At that teenage party, being still a relative philistine and not having yet discovered the true path of literary mixological reconstruction, I probably mixed my Vat 69 with coke. I return now to drink it in the proper Osbie manner, watered down and from a milk bottle.
My milk bottle of choice was being sold at a local bric-a-brac place, who described it as Russian, although the bottle’s relief text (“A se clati dupa golire”) appears to be in Romanian (“Rinse after emptying”). It isn’t exactly your prototypical half-pint milk bottle, I’ll admit. But Pirate gets around a bit, and the green glass is quite fetching—who’s to say he didn’t bring back a Romanian souvenir that Osbie’s now sucking hungover from.
Watered down Vat 69 really does work quite pleasantly. It’s easy drinking, the slightly sweet honey notes accentuated by dilution. A hint of peat smoke still comes through towards the end. A half-pint or so of this would make a perfectly agreeable dog hair.
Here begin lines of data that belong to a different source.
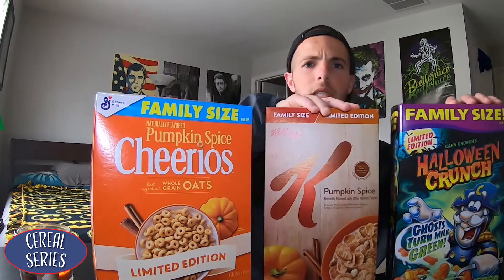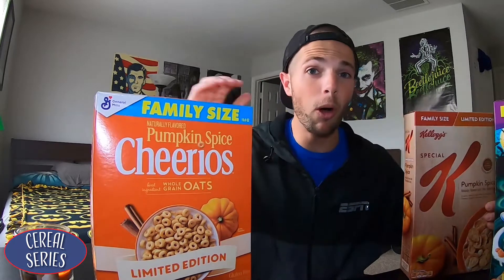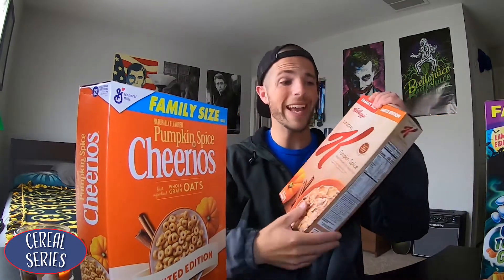So in true pumpkin spice fashion, I bought three cereals — count them, three — that have something to do with the fall season: Halloween Crunch, Pumpkin Spice Cheerios, and Pumpkin Spice Special K. Lucky for you guys today, I will be trying out all three of these at the same time. I did buy each of these cereals probably about a month ago, sometime in early September or maybe late August, because here in the United States they like to promote holidays way ahead of time. So let's give it a crack, shall we?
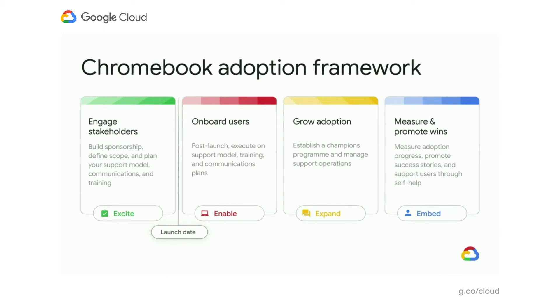During the enablement phase, a lot of the technical work will be done and your project is ready to launch. The first few batches of users will receive their Chrome devices, and all communication needs to continue reinforcing the same vision defined in the excite phase. Expand is when you grow adoption — more groups of users involved, rolling out to additional parts of the organization, and developing a network of champions to help support the community. Once you've got widespread adoption, embed those new skills and ways of working. This is also a great time to measure and promote success — review progress, promote success stories, and continue to reinforce the message.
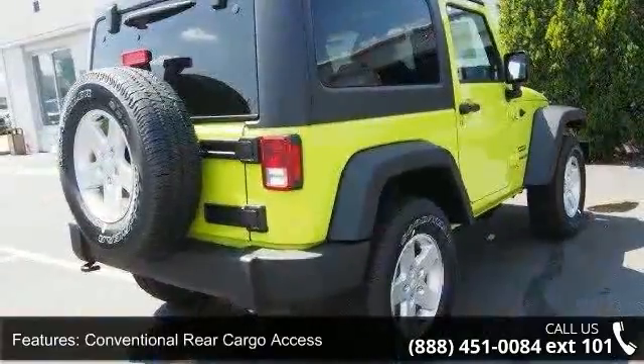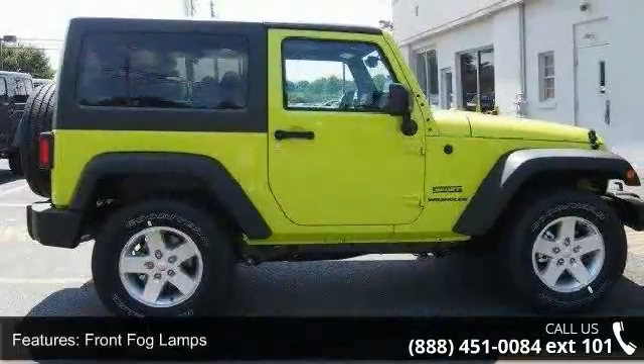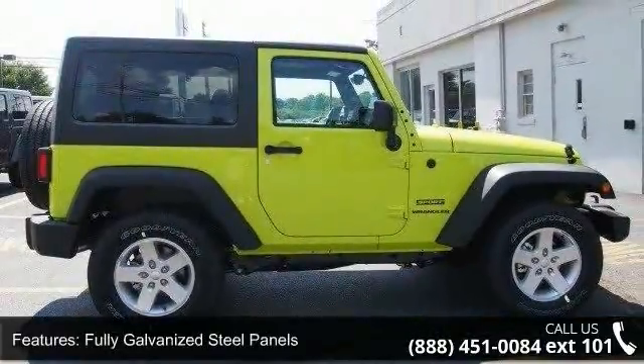This vehicle shows low mileage and has a smooth ride. Let us put you in the driver's seat today. Call or click to contact our dealership.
The book club, to none of your surprise, did not make it with GR. There was an early stand of determination (Olga exhorted the group at one point that there is “no revolution without blood,” I kid you not) but before long the “mental health of all involved” was invoked and the plug was pulled. Being mid-reread myself, I was at once relieved and saddened not to have to justify my love of this terrible majestic beast of a book. I do now need to think of something from my own birth year to nominate. Anyone have any 1990 favourites?